» **WHAT TO WORK ON**
Skip the images and return the records below exactly.

Short text fragments from websites
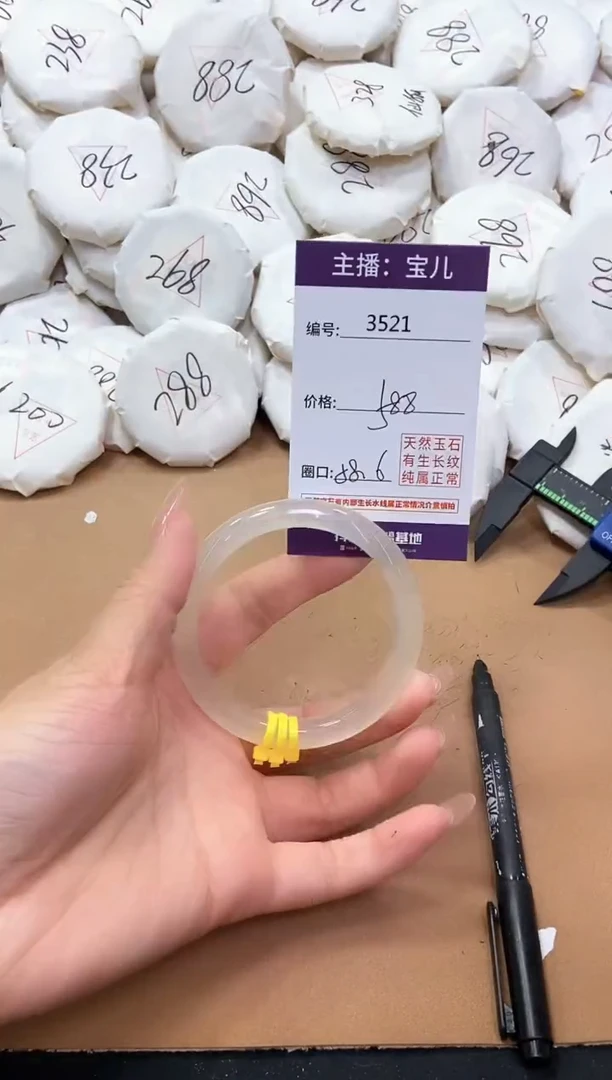 【闪购商品】玛瑙/玉髓手镯未镶嵌3521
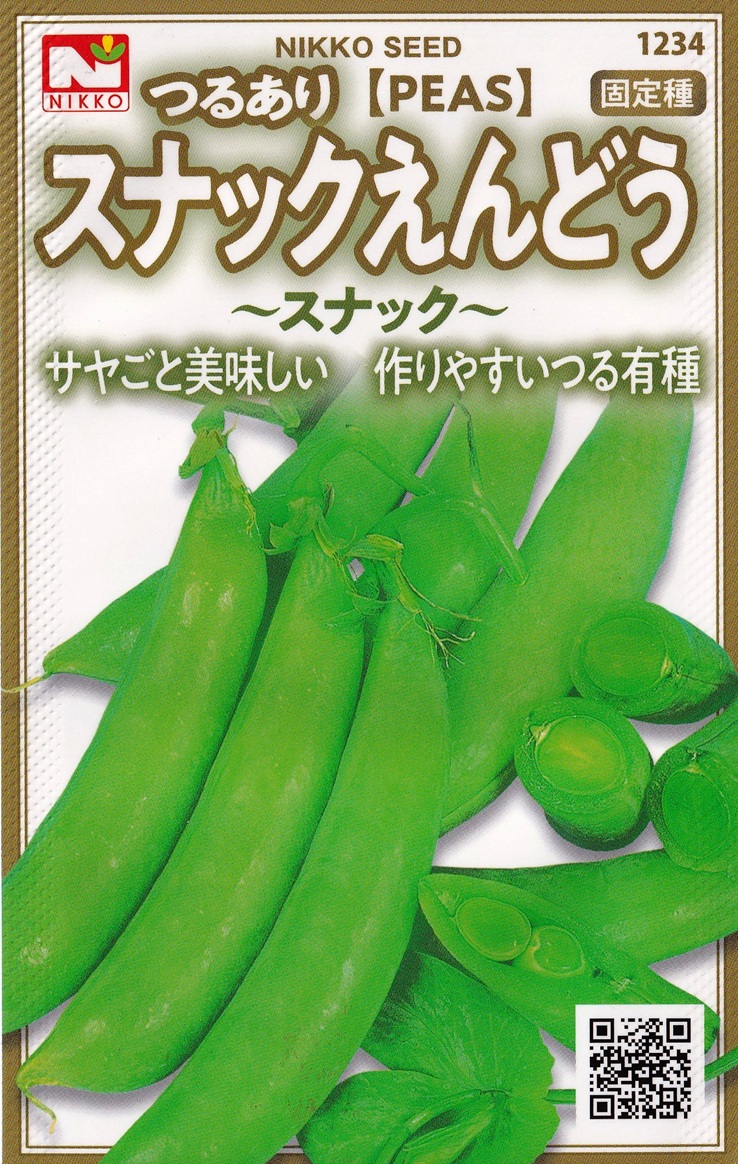 楽天市場】国産にんにく「平戸ニンニク 約500g入」 : 日光種苗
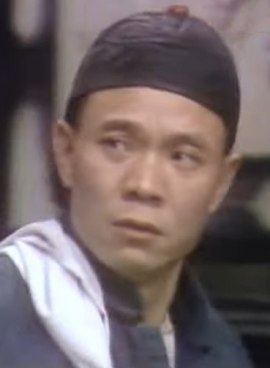 Liu Fu-Xue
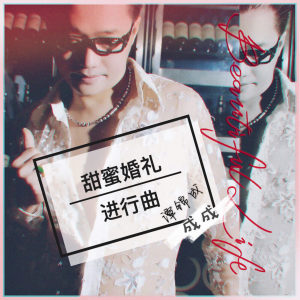 收聽譚錦成的甜蜜婚禮進行曲 (伴奏)歌詞歌曲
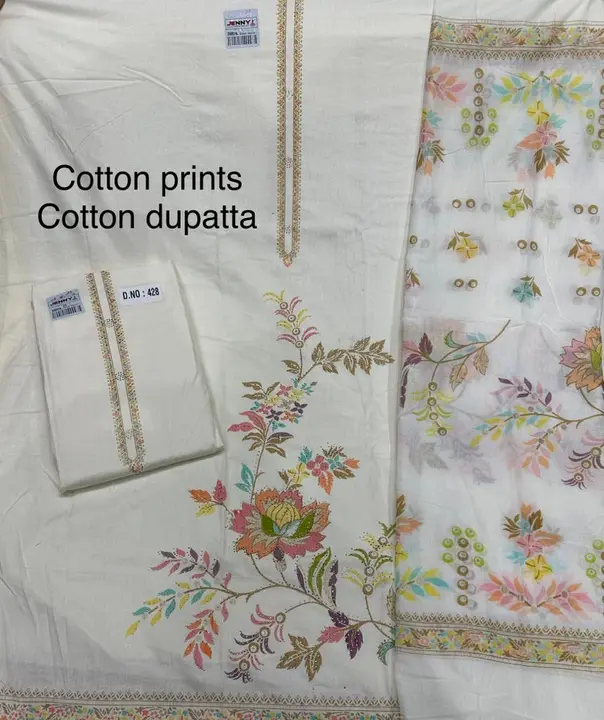 Pure cotton suit uploaded by Pyara lal rajesh kumar on 5/4/2023
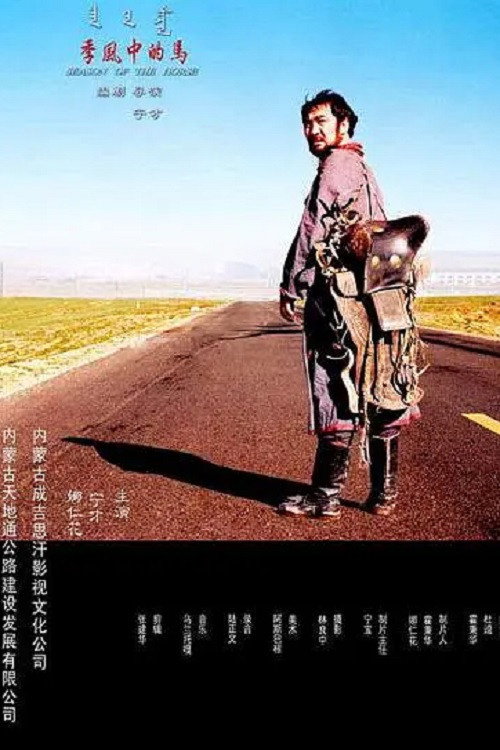 季风中的马 封面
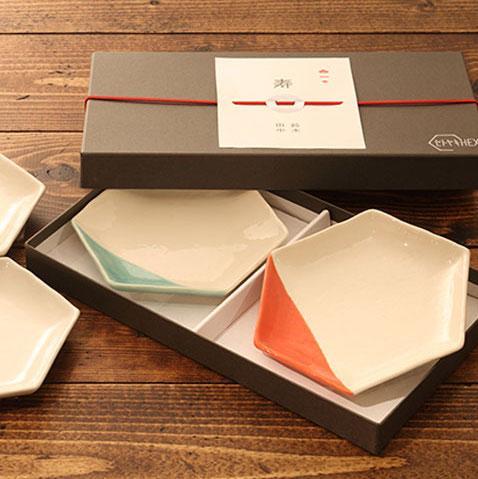 【m.m.d.】取皿2枚セット ギフトボックス&熨斗付き (10分掛け) true colors line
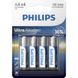 Батарейки Philips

» **RESULT OF THIS EXERCISE**
 【闪购商品】玛瑙/玉髓手镯未镶嵌3521
 楽天市場】国産にんにく「平戸ニンニク 約500g入」 : 日光種苗
 Liu Fu-Xue
 收聽譚錦成的甜蜜婚禮進行曲 (伴奏)歌詞歌曲
 Pure cotton suit uploaded by Pyara lal rajesh kumar on 5/4/2023
 季风中的马 封面
 【m.m.d.】取皿2枚セット ギフトボックス&熨斗付き (10分掛け) true colors line
 Батарейки Philips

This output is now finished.